A limitation of our experimental setting is that we did not consider other GBDT models in addition to XGBoost and LightGBM. Other variants of GBDT include CatBoost [15] and PaloBoost [12]. PaloBoost is a variant of the original stochastic GBDT model [58]. PaloBoost is designed to be less sensitive to hyperparameter settings. CatBoost introduces an algorithm to automatically handle categorical features. Clinical databases such as the SRTR typically contain many categorical and ordinal features. Hence, CatBoost can be used as an alternative to XGBoost and LightGBM in clinical risk prediction applications. We also did not consider recent hyperparameter optimization techniques to tune GBDT [78]. A future research direction is to explore CatBoost and novel hyperparameter optimization techniques in combination with custom loss functions.

6. Conclusions

This paper investigated focal loss in clinical risk prediction problems. We investigated the application of a closed-form transformation (${\Psi }^{\gamma }$ transformation) to calibrate the confidence scores of XGBoost and LightGBM trained using focal loss. Algorithms based on Bayesian hyperparameter tuning were proposed to select the focal loss parameter to optimize discriminatory power and calibration. Adjustment of the decision threshold was also investigated to optimize the balanced accuracy classification metric. We considered two real-life applications related to lung transplantation and diabetes prediction.

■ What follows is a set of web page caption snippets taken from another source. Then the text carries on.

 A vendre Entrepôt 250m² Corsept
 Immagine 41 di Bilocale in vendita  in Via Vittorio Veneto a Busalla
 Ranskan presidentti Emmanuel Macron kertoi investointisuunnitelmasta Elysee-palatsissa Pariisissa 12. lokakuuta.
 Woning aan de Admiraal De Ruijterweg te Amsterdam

The methods and experiments presented in this study can support the adoption of the focal loss function to train clinical risk prediction models. The practical implications of improving clinical risk prediction include providing data-driven models to support clinical professionals, standardize patient care, accelerate clinical decision making to prioritize treatment, and improve patient outcomes through preventive interventions. Despite the benefits of machine learning techniques for clinical risk prediction, there are ethical concerns that require attention. Although the gradient-boosted decision tree model can potentially improve predictive performance compared to conventional statistical approaches, it can also inherit biases present in the training data. These biases are more difficult to detect in complex models such as GBDT than in simpler linear models. Therefore, extensive validation is essential to detect and minimize biases. Interpretable approaches also need to be thoroughly explored to support the adoption of GBDT and new loss functions in high-stakes clinical decision making.

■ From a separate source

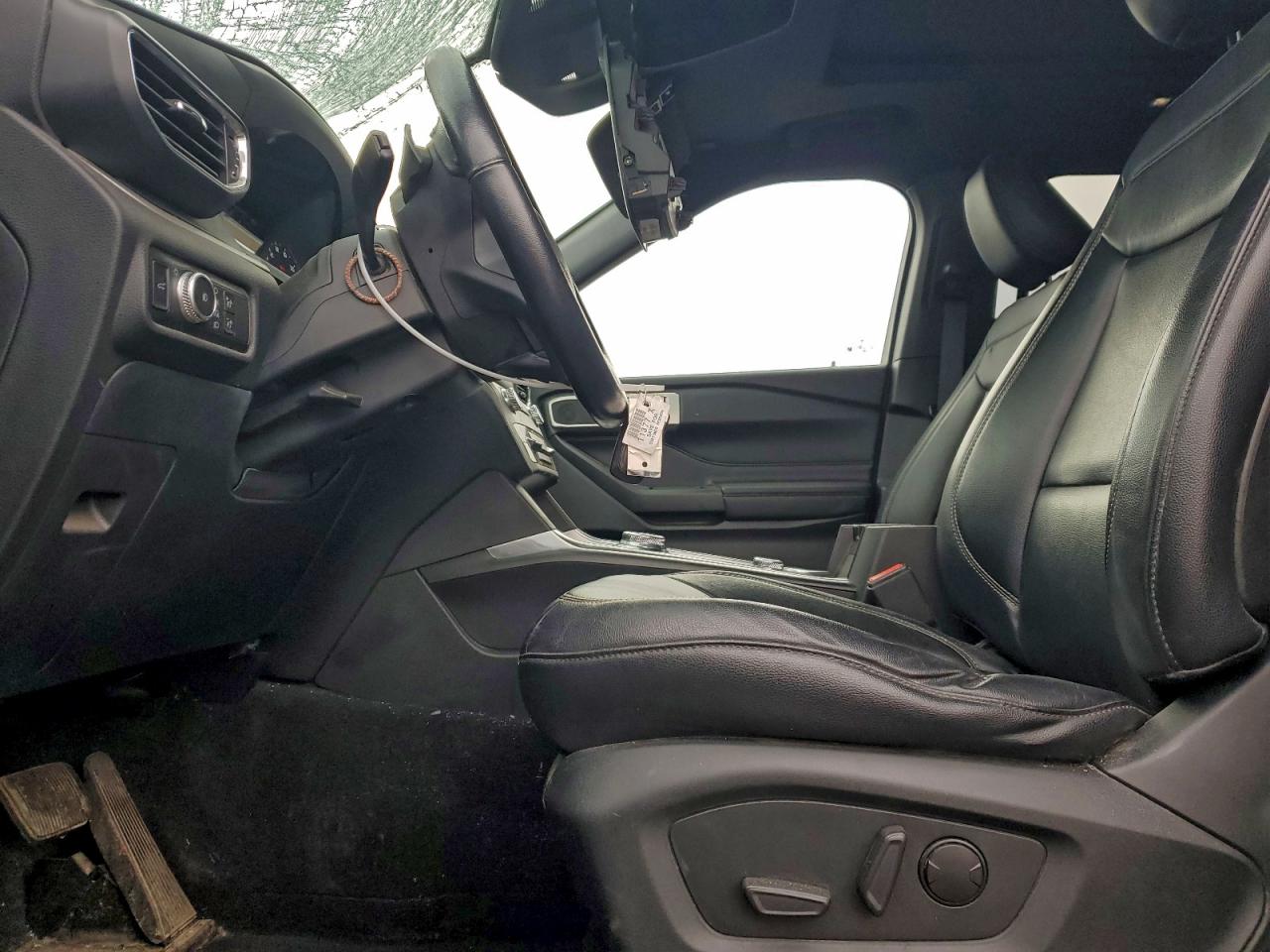 Ford Explorer Xlt Image 4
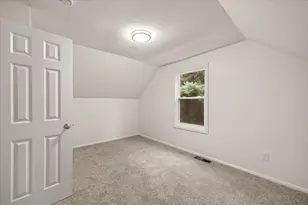 1088 Middleboro Ave, Taunton, MA 02718 - Photo 34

A future research direction is to explore the application of focal loss in the field of fair machine learning. Focal loss can be applied to improve predictive performance in tasks with underrepresented or minority groups in electronic health records. The focal loss parameter can be used to reduce the loss of a sample of a minority group in a medical database. Custom loss functions can be developed to correct biases in GBDT for clinical risk prediction. Another direction for future research is to use focal loss and logit-adjusted losses to train GBDT for multiclass and multilabel classification.